A essência do Cristianismo
Os fariseus costumavam fazer perguntas astutas a Jesus para que respondesse “sim ou não seco”, a fim de lhe pôr contra a parede. Outras vezes, simplesmente o colocavam à prova. A um deles, que lhe perguntava qual era o maior mandamento da Lei, Jesus revela, claramente, que a essência do cristianismo é a caridade:
«“Ame o Senhor, o seu Deus de todo o seu coração, de toda a sua alma e de todo o seu entendimento”. Este é o primeiro e maior mandamento. E o segundo é semelhante a ele: “Ame o seu próximo como a si mesmo”. Destes dois mandamentos dependem toda a Lei e os Profetas» (Mt 22-37-40).
Perguntas sobre o Juízo final
Sabemos que seremos julgados sobre o amor e as perguntas para o exame do Juízo final. São as obras de misericórdia:
«Quando o Filho do homem vier em sua grandeza, com todos os anjos, assentar-se-á em seu trono na grandeza celestial.

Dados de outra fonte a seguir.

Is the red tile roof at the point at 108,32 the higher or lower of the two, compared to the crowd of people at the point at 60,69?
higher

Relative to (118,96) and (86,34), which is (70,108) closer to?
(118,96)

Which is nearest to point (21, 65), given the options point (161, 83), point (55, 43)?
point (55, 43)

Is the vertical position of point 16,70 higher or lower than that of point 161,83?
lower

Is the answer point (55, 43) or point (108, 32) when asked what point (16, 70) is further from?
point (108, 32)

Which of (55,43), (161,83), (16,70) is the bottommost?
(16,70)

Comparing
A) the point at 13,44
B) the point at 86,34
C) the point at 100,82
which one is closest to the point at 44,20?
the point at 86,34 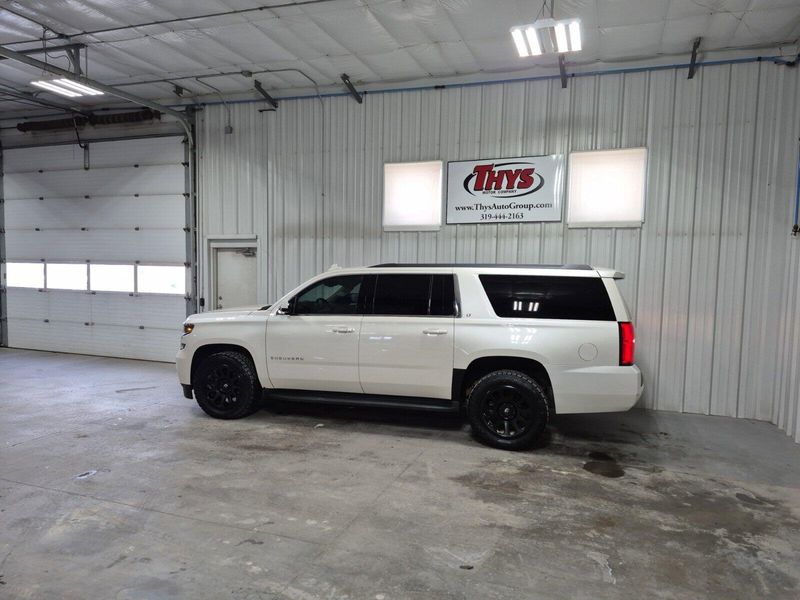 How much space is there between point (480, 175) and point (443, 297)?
10.00ft

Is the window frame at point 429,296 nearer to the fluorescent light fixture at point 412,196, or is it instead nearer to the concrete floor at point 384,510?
the concrete floor at point 384,510

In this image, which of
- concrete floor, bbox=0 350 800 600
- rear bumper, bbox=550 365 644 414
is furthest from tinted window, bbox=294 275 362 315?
rear bumper, bbox=550 365 644 414

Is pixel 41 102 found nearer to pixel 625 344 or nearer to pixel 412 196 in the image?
pixel 412 196

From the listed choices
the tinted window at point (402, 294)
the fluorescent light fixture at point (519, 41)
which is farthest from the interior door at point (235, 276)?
the fluorescent light fixture at point (519, 41)

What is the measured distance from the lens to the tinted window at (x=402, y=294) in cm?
536

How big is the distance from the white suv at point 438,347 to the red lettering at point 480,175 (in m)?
2.65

Todas as nações serão reunidas diante dele, e ele separará umas das outras como o pastor separa as ovelhas dos bodes. E colocará as ovelhas à sua direita e os bodes à sua esquerda. Então o Rei dirá aos que estiverem à sua direita: “Venham, benditos de meu Pai! Recebam como herança o Reino que lhes foi preparado desde a criação do mundo. Pois eu tive fome, e vocês me deram de comer; tive sede, e vocês me deram de beber; fui estrangeiro, e vocês me acolheram; necessitei de roupas, e vocês me vestiram; estive enfermo, e vocês cuidaram de mim; estive preso, e vocês me visitaram”» (Mt 25, 31-36).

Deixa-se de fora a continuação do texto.